◆ **TRY IT**
Write the data out again exactly, with every picture removed.

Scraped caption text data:
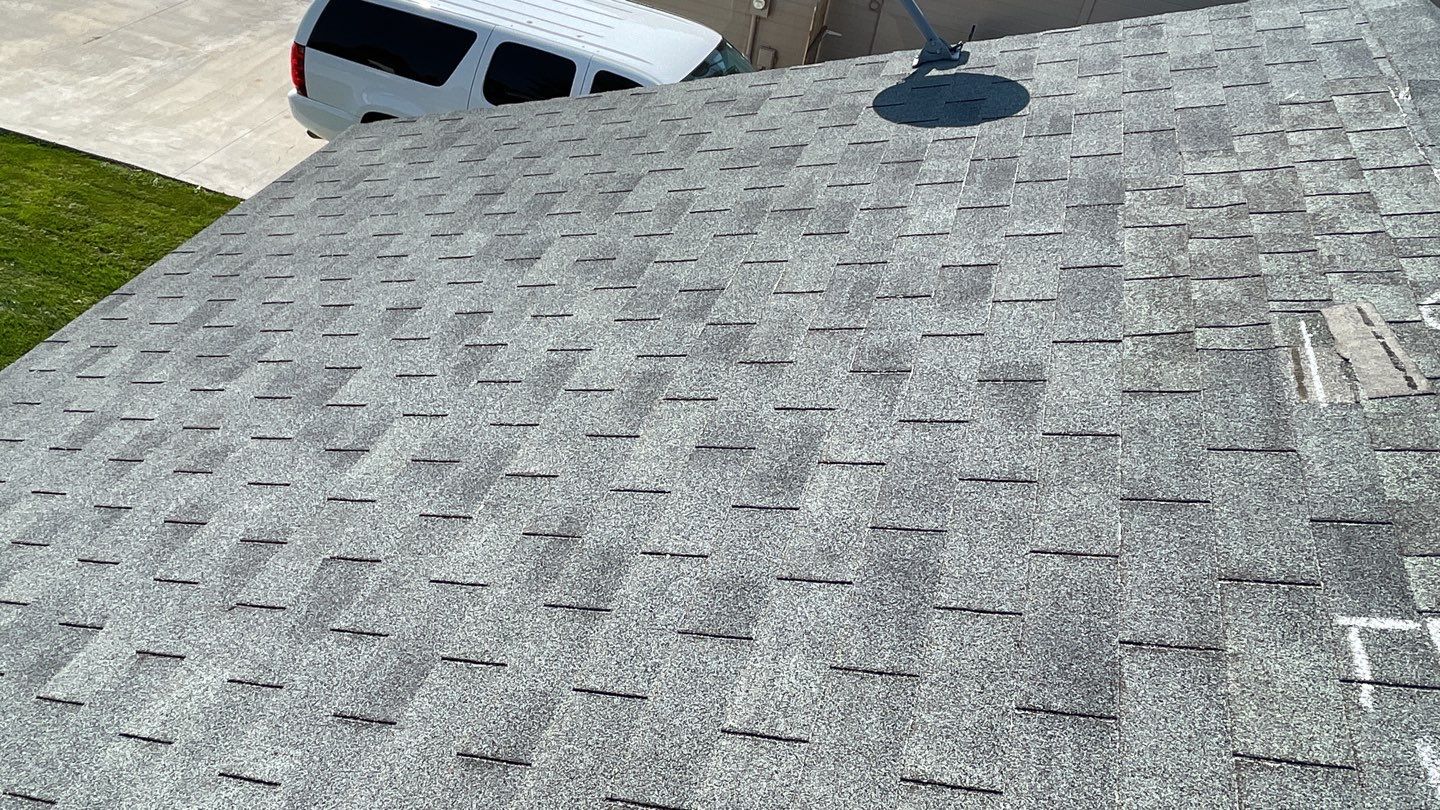 Nampa bungalow gets residential roofing using Owens Corning Oakridge in Teak  by ID Roofing LLC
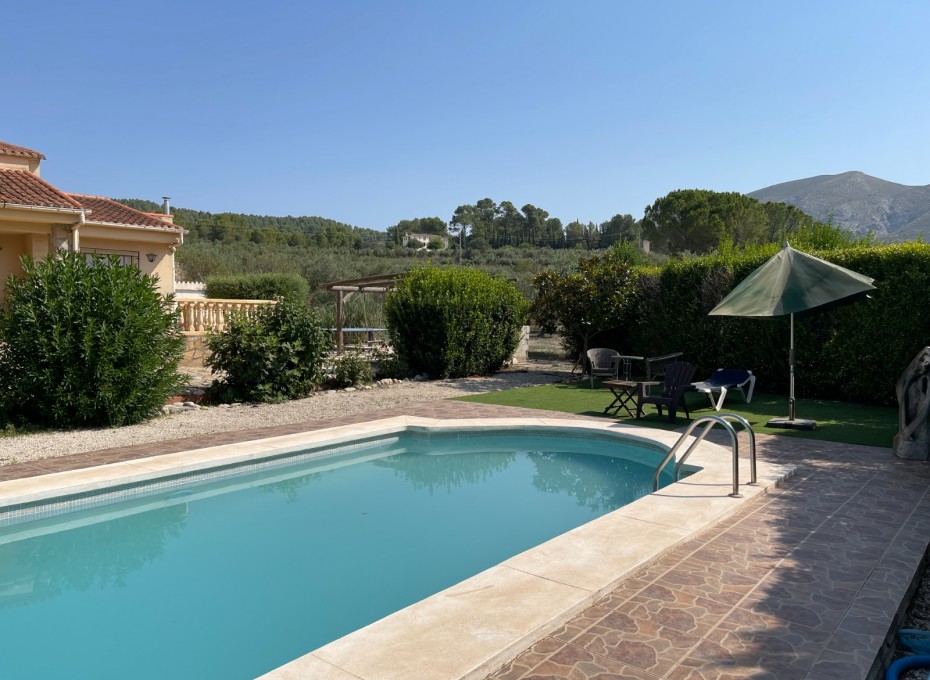 Resale - Detached House / Villa -
Millena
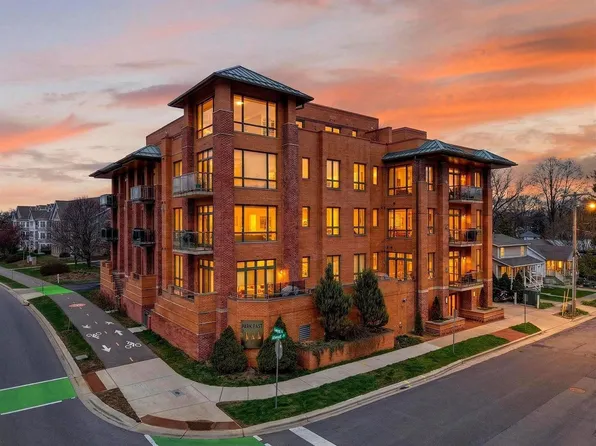 3502 Dennett Drive #401, Madison, WI 53714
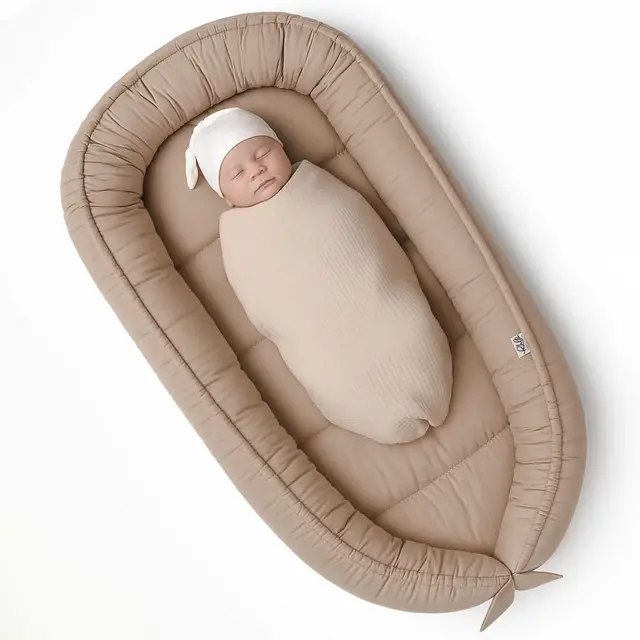 PaLulli Nid de bébé - 120 x 60 cm - Taille XXL - 2 côtés - 100 % coton - Pour lit de bébé, lit de voyage pour bébé et nourrisson - Plumes (marron)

◆ **SOLUTION TO THIS TASK**
 Nampa bungalow gets residential roofing using Owens Corning Oakridge in Teak  by ID Roofing LLC
 Resale - Detached House / Villa -
Millena
 3502 Dennett Drive #401, Madison, WI 53714
 PaLulli Nid de bébé - 120 x 60 cm - Taille XXL - 2 côtés - 100 % coton - Pour lit de bébé, lit de voyage pour bébé et nourrisson - Plumes (marron)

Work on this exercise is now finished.